The Centennial State turned 143 years old on August 1. And birthdays, whether we like them or not, are causes for looking back. From Mesa Verde National Park to Bent’s Old Fort, Colorado has plenty of famous, well-trafficked monuments that pay homage to its history. But the state also boasts a slew of lesser-known landmarks that, while small, provide a rich glimpse into how our 100,000 square miles grew up.

1. Westall Monument | Jefferson County

On August 28, 1898, Billy Westall—an engineer for the Denver, South Park, and Pacific Railroad—spotted sand and gravel blocking the tracks near today’s County Road 96 and Dome Rock. His sharp eyes allowed him to slow the train and save its 450 passengers, but the engine flipped over and killed Westall. A year or so later, the Ancient Order of United Workmen placed a granite monument near the crash site to honor the vigilant engineer.
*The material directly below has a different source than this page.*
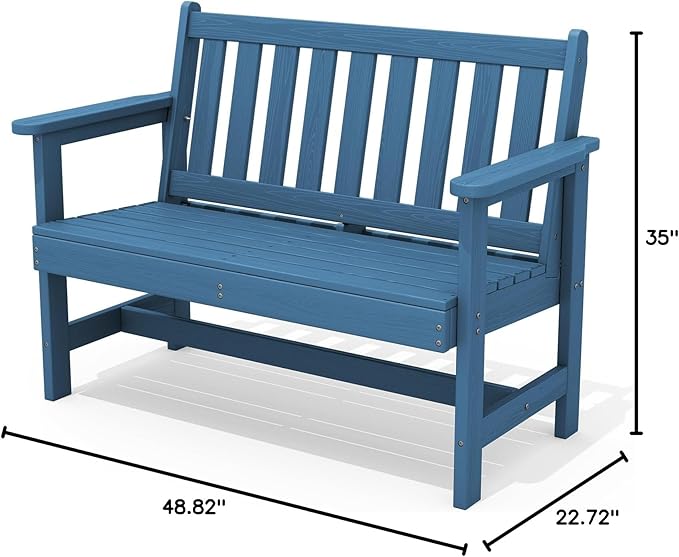 SERWALL Outdoor Bench, HDPE Outdoor Benches Weatherproof, 2-Person Garden Bench - Image 3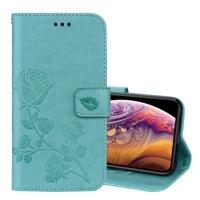 Rose reliëf horizontale Flip PU lederen draagtas voor iPhone XS Max met houder & kaartsleuven & portemonnee (groen)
2. Homestake Mine Disaster Headstone | Leadville

About 130 years ago, one of the worst avalanche disasters in Colorado history killed 10 miners outside Leadville. Nearly two weeks of heavy snow led to the slide, which buried several bunkhouses filled with sleeping miners. To pay tribute, Leadville residents raised almost $1,900 (about $50,000 today) to help pay for a six-foot-tall gravestone of a kneeling, head-bowed woman. The monument stands in the town’s Evergreen Cemetery, where eight of the men are buried.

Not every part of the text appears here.